For C++ programming, nowadays there is a growing requirement for performance. However, due to dependencies against other libraries and using of specific C++ features such as templates, compiler/linker tend to use and generate a huge amount of symbols. Therefore, exporting all symbols slows down the program and costs massive memory. Exporting limited number of symbols can reduce the loading and linking time for dynamic shared libraries. Furthermore, it also enables optimization from the compiler’s perspective, which means more efficient code could be generated.

The above drawbacks of exporting all symbols explain why defining symbol visibility is mandatory. In this article, we provide solutions to make symbols in the dynamic shared object (DSO) be under control. Users can identify different ways to solve the same problem, and we also propose which one should be preferred on a specific platform.


Ways to control symbol visibility

In the discussions below, we will make use of the following C++ code snippet:

Listing 1. a.C
int myintvar = 5;

int func0 () {
  return ++myintvar;
}

int func1 (int i) {
  return func0() * i;
}

In a.C, we define one variable myintvar, and two functions func0 and func1. By default, when creating a shared library on the AIX platform, the compiler and linker along with the CreateExportList tool would make all three symbols visible. We can check it from the Loader Symbol Table Information with the dump binary tool:

$ xlC -qpic a.C -qmkshrobj -o libtest.a
$ dump -Tv libtest.a

                        ***Loader Symbol Table Information***
[Index]      Value      Scn     IMEX Sclass   Type           IMPid Name

[0]     0x20000280    .data      EXP     RW SECdef        [noIMid] myintvar
[1]     0x20000284    .data      EXP     DS SECdef        [noIMid] func0__Fv
[2]     0x20000290    .data      EXP     DS SECdef        [noIMid] func1__Fi

Here, “EXP” means the symbol is “exported”. The function names func0 and func1 are mangled with C++ mangling rules. (However, it is not hard to guess.) The -T option of dump tool shows the Loader Symbol Table Information, which would be used by the dynamic linker. In this case, all the symbols in a.C are exported. But from the perspective of a library writer, we may want to export only func1 for this case. Global symbol myintvar and function func0 are deemed as keeping/changing internal status only, or say just locally used. Thus making them invisible is important for the library writer.

We may at least have three ways to achieve this goal. This include: Using the static keyword, defining the GNU visibility attribute, and using an export list. Each of them has unique functionality and (may be) drawbacks as well. We shall look into them now.

1. Using the static keyword

The static keyword in C/C++ may be an overloaded keyword as it can specify both the scope and the storage for the variable. For scope, we may say that it disables the external linkage for the symbol in file.

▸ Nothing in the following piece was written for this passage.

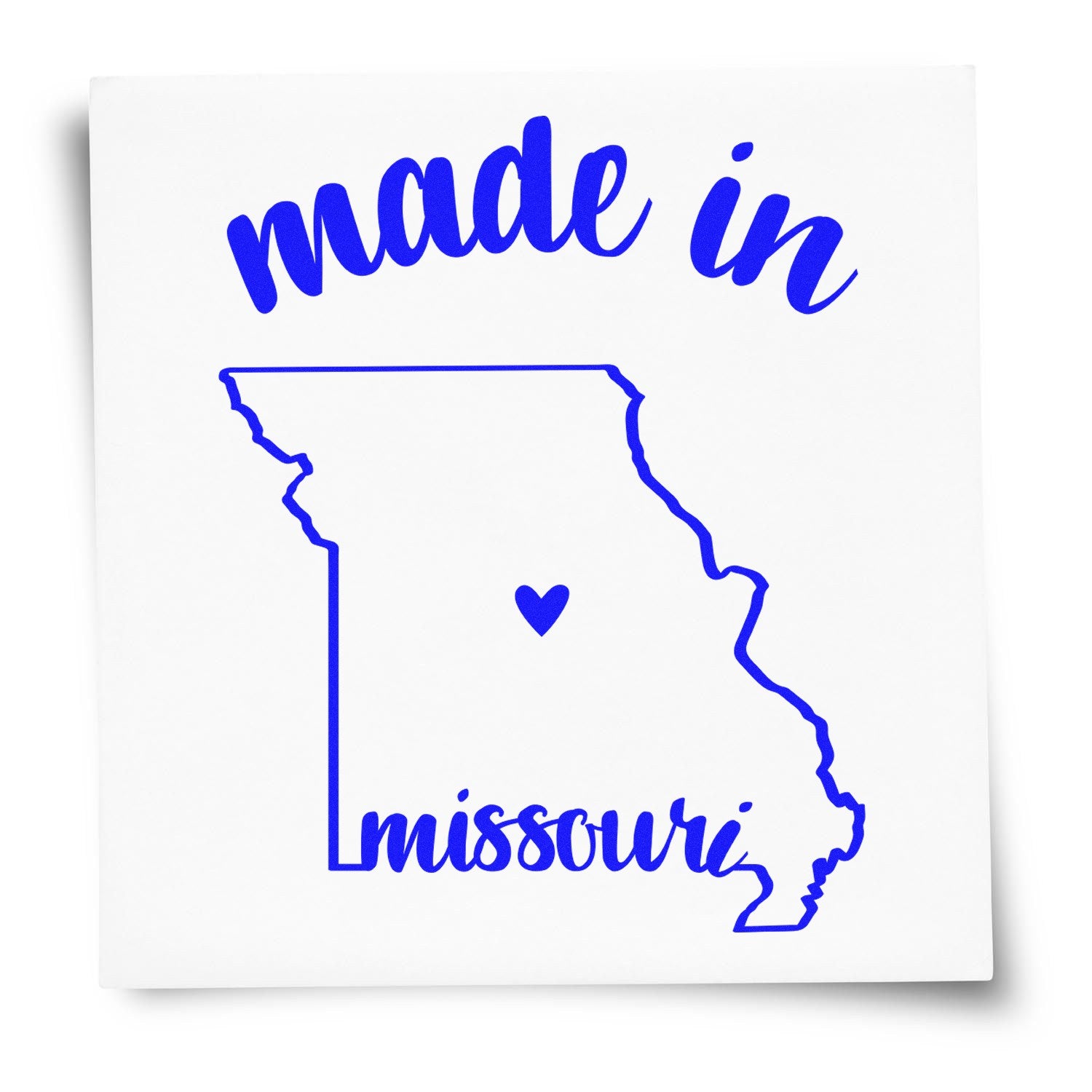 Self-Inking Handmade with Love in Missouri Stamp featuring a blue outline of Missouri with a heart, perfect for crafts and gifts.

That means that the symbol with the keyword, static would never be linkable as the compiler does not leave any information for the linker about this symbol. It is a language-level control and it is the simplest way to hide the symbol.

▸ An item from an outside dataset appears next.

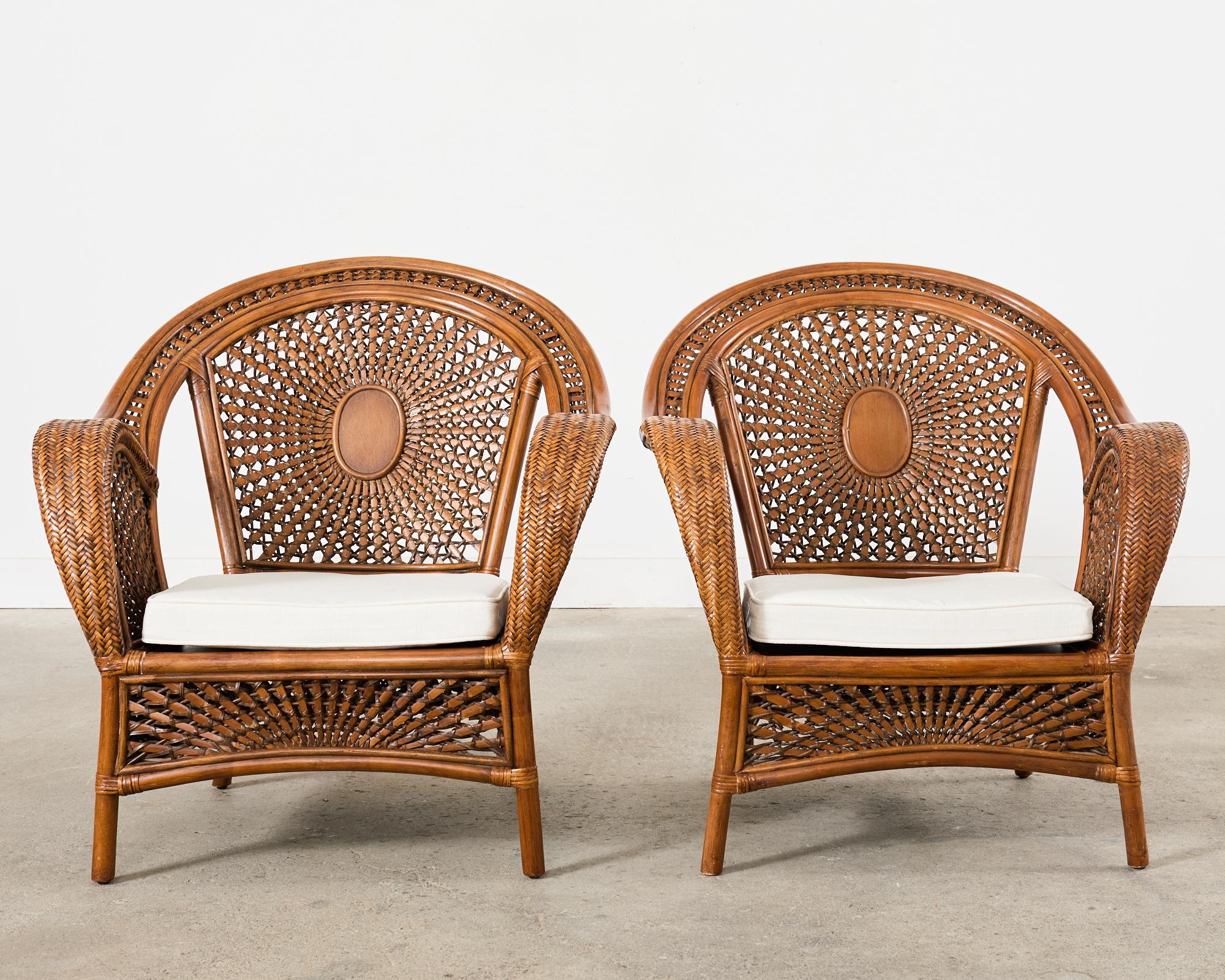 Hand-Crafted Pair of Bohemian Peacock Style Rattan Wicker Lounge Chairs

Let us add the static keyword to the above case:

Listing 2. b.C
static int myintvar = 5;

static int func0 () {
  return ++myintvar;
}

int func1 (int i) {
  return func0() * i;
}

When we generate the shared library and look in to the Loader Symbol Table Information again, it works as expected:

$ xlC -qpic a.C -qmkshrobj -o libtest.a
$ dump -Tv libtest.a

                        ***Loader Symbol Table Information***
[Index]      Value      Scn     IMEX Sclass   Type           IMPid Name

[0]     0x20000284    .data      EXP     DS SECdef        [noIMid] func1__Fi

Now, only func1 is exported as the information shows. However, though the static keyword can hide the symbol, it also defines an extra rule that variables or functions can only be used within the file scope where it is defined. Thus, if we define:

extern int myintvar;

Later, in file b.C you may want to build libtest.a from both a.o and b.o. When you do so, the linker would display an error message stating that myintvar defined in b.C cannot be linked, because the linker did not find a definition elsewhere. That breaks the data/code sharing inside the same module, which the programmer would generally require. Thus, it is more used as a visibility control of variables/functions inside the file, rather than for visibility control of low-level symbols. In fact, most of them would not rely on the static keyword to control symbol visibility. Therefore, we can consider the second method:

2. Defining the visibility attribute (GNU only)

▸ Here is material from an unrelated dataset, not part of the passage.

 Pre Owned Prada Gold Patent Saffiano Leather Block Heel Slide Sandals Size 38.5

The next candidate to control symbol visibility is to use the visibility attribute. The ELF application binary interface (ABI) defines the visibility of symbols. Generally, it defines four classes, but in most cases, only two of them are more commonly used:

  • STV_DEFAULT - Symbols defined with it will be exported. In other words, it declares that symbols are visible everywhere.
  • STV_HIDDEN - Symbols defined with it will not be exported and cannot be used from other objects.

Notice that this is an extension for GNU C/C++ only. Thus currently, PowerLinux customers can use it as GNU attribute for symbols. Here is an example for our case:

int myintvar __attribute__ ((visibility ("hidden")));
int __attribute__ ((visibility ("hidden"))) func0 () {
  return ++myintvar;
}
...

To define a GNU attribute, you need to include __attribute__ and the parenthesized (double parenthesis) content. You can specify the visibility of symbols as visibility(“hidden”). In the above case, we can mark myintvar and func0 as hidden visibility. This doesn not allow them to get exported in the library, but can be shared among source files. In fact, the hidden symbols would not appear in the dynamic symbol table, but is left in the symbol table for static linking purpose. That is a well-defined behavior and can definitely achieve our goal. It obviously surpasses the static keyword solution.

Notice that, for the variable specified with the visibility attribute, declaring it as static might confuse the compliler. As a result, the compiler would display a warning message.

The ELF ABI also defines other visibility modes:

  • STV_PROTECTED: The symbol is visible outside the current executable or shared object, but it may not be overridden. In other words, if a protected symbol in a shared library is referenced by an other code in the shared library, the other code will always reference the symbol in the shared library, even if the executable defines a symbol with the same name.
  • STV_INTERNAL: The symbol is not accessible outside the current executable or shared library.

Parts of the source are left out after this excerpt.